映画と坂本龍一

ベルナルド・ベルトルッチはその後も、坂本を音楽担当として立て続けに起用している。デブラ・ウィンガーとジョン・マルコヴィッチ主演の「シェルタリング・スカイ」(1990)、キアヌ・リーヴス主演の「リトル・ブッダ」(1993)。先に挙げた「ラストエンペラー」と合わせて、この3作は「オリエント3部作」と言われている。

その間にも、リドリー・スコット監督の「ブラック・レイン」(1989)に楽曲提供。(映画音楽はハンス・ジマー)
本作は日本を舞台にしており、坂本には出演のオファーもあったそう。だが、アルバム制作の優先とキャラクターの違いから断ったらしい。確かにコワモテの刑事かヤクザだらけの作品で、日本の俳優陣もコワモテ揃いだった。
その中でも際立っていたのが悪役として登場した松田優作。主演のマイケル・ダグラスとアンディ・ガルシアを相手に存在感を見せつけた。(本作が、松田にとっての遺作となる)

この流れで紹介したいのが、「御法度」(1999)。
「戦場のメリークリスマス」で一緒だった大島渚監督とビートたけし主演、そして故・松田優作の長男である松田龍平のデビュー作が本作。幕末の新選組で男色に目覚める妖艶な若者を演じた松田龍平が話題となった本作に、坂本が音楽を添えた。きっと思い入れがあったに違いない。

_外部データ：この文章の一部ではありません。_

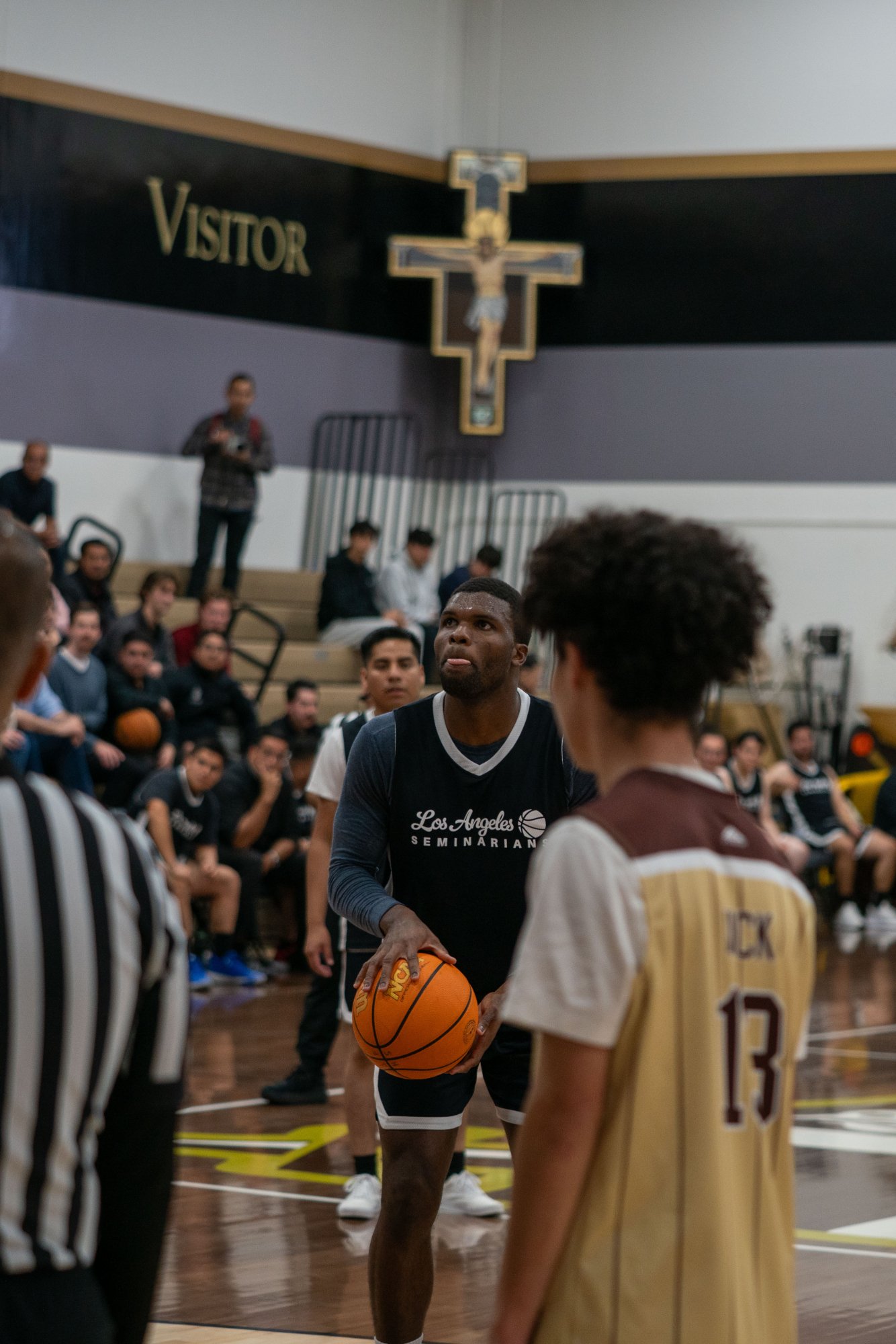 Game action as the Capuchin Franciscans play against the seminarians in the Archdiocese of Los Angeles' annual priests vs. seminarians basketball game, this year on Jan. 18 at St. Francis High School in La Cañada Flintridge. (John Rueda)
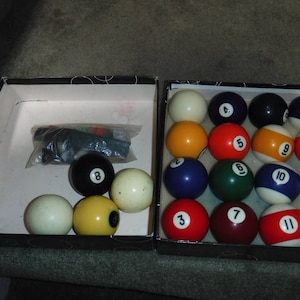 May include: A set of 13 billiard balls in a black and white case. The balls are numbered 1 through 13 and are white, red, yellow, and green. The case is open and the balls are arranged in a circle.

その後もブライアン・デ・パルマ監督の「ファム・ファタール」(2002)、市川準監督の「トニー滝谷」(2004)、アレハンドロ・ゴンザレス・イニャリトゥ監督の「バベル」(2006)、三池崇史監督の「一命」(2011)、山田洋次監督の「母と暮せば」(2015)など、洋画に邦画にとコンスタントに楽曲提供や映画音楽を手がけている。

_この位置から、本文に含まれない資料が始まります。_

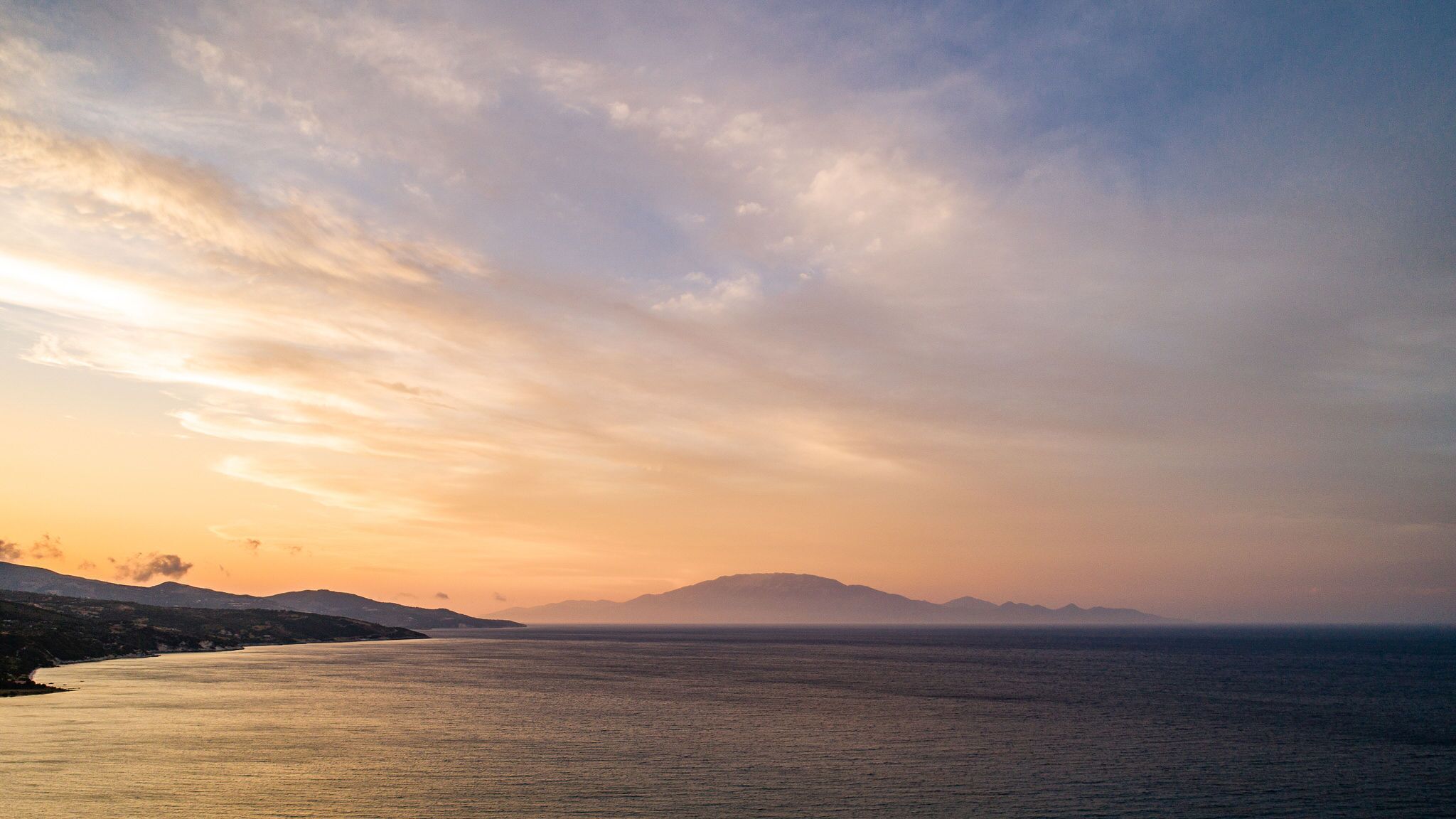 Un paysage côtier avec une mer calme, des montagnes lointaines et un ciel dégagé.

アレハンドロ・ゴンザレス・イニャリトゥと再び組んだ作品「レヴェナント 蘇えりし者」(2015)。アカデミー賞で、監督賞を受賞。そしてレオナルド・ディカプリオが5度目のノミネートにしてようやく主演男優賞を受賞した記念すべき作品となった。

李相日監督「怒り」(2016)でも、日本アカデミー賞にて妻夫木聡が最優秀助演男優賞を受賞し、その他の主要部門でもほぼ優秀賞を受賞するという作品の高評価、興行的にもヒットする。